Abortion legislation expected to be law by January 2019

The first Dáil sitting since the country voted to repeal the Eighth Amendment takes place this afternoon.

4 Taoiseach Leo Varadkar, speaking during today's debate Source:

TAOISEACH LEO VARADKAR has told the Dáil that he expects abortion legislation to be enacted in Ireland by January of 2019.

Speaking during Leaders Questions in Dáil Éireann this afternoon, Varadkar agreed with Fianna Fáil’s Micheál Martin that the Irish people ‘have indeed spoken’.

“The view of government is that it wants to legislate for the termination of pregnancies as soon as possible,” Varadkar said.

“But we don’t want to rush it either,” he said. “There will be people who don’t accept this result, and people who will wish to challenge” the resulting legislation, he added.

It’s important that we act with haste, but not with so much haste that we bring through bad legislation.

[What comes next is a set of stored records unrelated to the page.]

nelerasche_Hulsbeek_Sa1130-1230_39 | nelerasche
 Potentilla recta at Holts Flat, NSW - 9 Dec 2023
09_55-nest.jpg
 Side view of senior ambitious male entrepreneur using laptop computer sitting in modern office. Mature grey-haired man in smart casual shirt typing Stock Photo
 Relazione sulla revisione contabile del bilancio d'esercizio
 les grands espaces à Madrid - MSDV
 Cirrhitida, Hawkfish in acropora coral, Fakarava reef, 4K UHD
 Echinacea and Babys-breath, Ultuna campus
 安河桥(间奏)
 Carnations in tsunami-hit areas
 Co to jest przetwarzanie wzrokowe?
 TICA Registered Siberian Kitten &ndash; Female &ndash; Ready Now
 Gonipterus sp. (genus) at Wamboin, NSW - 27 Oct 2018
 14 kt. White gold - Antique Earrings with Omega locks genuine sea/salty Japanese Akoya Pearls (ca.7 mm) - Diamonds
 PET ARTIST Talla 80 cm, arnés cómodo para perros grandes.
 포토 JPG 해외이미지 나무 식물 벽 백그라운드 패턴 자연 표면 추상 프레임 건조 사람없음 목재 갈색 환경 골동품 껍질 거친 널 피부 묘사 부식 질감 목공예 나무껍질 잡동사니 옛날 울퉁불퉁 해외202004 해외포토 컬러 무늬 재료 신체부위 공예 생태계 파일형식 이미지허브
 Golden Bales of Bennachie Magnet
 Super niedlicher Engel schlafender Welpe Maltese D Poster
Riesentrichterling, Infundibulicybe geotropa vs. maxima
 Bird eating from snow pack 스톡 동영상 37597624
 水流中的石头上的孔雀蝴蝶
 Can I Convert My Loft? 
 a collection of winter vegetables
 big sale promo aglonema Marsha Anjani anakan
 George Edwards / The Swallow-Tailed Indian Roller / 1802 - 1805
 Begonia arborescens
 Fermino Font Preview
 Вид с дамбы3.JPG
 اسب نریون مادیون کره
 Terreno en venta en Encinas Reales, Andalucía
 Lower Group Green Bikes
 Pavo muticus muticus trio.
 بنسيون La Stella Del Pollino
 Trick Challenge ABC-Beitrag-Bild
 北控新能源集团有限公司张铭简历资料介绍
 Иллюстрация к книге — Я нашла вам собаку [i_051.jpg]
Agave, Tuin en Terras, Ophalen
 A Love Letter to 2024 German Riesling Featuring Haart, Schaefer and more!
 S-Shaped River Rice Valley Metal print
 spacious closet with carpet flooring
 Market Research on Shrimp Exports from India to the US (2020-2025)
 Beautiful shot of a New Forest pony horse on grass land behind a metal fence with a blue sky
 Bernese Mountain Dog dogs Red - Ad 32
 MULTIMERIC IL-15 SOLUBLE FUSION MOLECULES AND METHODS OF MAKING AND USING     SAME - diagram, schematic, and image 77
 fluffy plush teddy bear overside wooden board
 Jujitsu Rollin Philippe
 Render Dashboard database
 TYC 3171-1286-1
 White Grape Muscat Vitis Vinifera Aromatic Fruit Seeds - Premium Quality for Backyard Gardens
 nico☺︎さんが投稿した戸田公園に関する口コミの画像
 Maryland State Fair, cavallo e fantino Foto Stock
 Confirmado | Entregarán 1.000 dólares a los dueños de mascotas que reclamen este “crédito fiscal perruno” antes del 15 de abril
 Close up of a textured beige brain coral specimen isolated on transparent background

He said that he didn’t think it realistic that legislation would be enacted prior to the start of 2019, but that a first vote on the pending legislation should happen before the Dail’s summer break.

The reason for the delay will be mostly attributable to the time needed to license and regulate the various pills  required for non-surgical abortion, Varadkar said.

Fianna Fáil’s Martin meanwhile stated that the people had ‘spoken emphatically’, in voting last Friday to repeal the ‘cruel inflexibility’ of the Eighth Amendment.

He asked of Varadkar whether or not provision would be made so that women in Northern Ireland, were abortion is currently banned, could travel to the Republic for treatment, something the Taoiseach responded is “certainly something that we can look at”.

Sinn Féin leader Mary Lou McDonald meanwhile said she wished to acknowledge the contributions of certain members of the Oireachtas “who spoke out on the issue of abortion when it was perhaps not so easy to do so”.

She said that she hopes “that all members of the Oireachtas will recognise the will of the people” when it comes to passing the required legislation.

“I believe we can pass the necessary legislation promptly,” she said.

One of the most prominent TDs who campaigned against the referendum is Meath Sinn Féin deputy Peadar Tóibín. McDonald has since indicated that all members of her party are expected to vote per the party whip on any legislation.

5 Mary Lou McDonald Source:

The Sinn Féin leader also called for a second repeal – of the 1995 abortion information act this time, the reasoning being to allow women who may travel for a termination in the next seven months to be able to bring their own medical records with them on their journey.

Varadkar said he is “open to the possibility” of repealing that law as a “discreet move”, but added it was important not to lose sight of the main legislation.

“I’m not saying it’s optimum,” said McDonald in response.

But the fact is those women and girls will still have to travel, and that will still pertain until the law changes.
We cannot leave women in the impossible situation that they leave by boat or plane with just a phone number in their pocket.

“I’m suggesting it as a mitigation that at a minimum women or girls who make the journey can do it with their own medical files, in a joined-up caring move,” she added.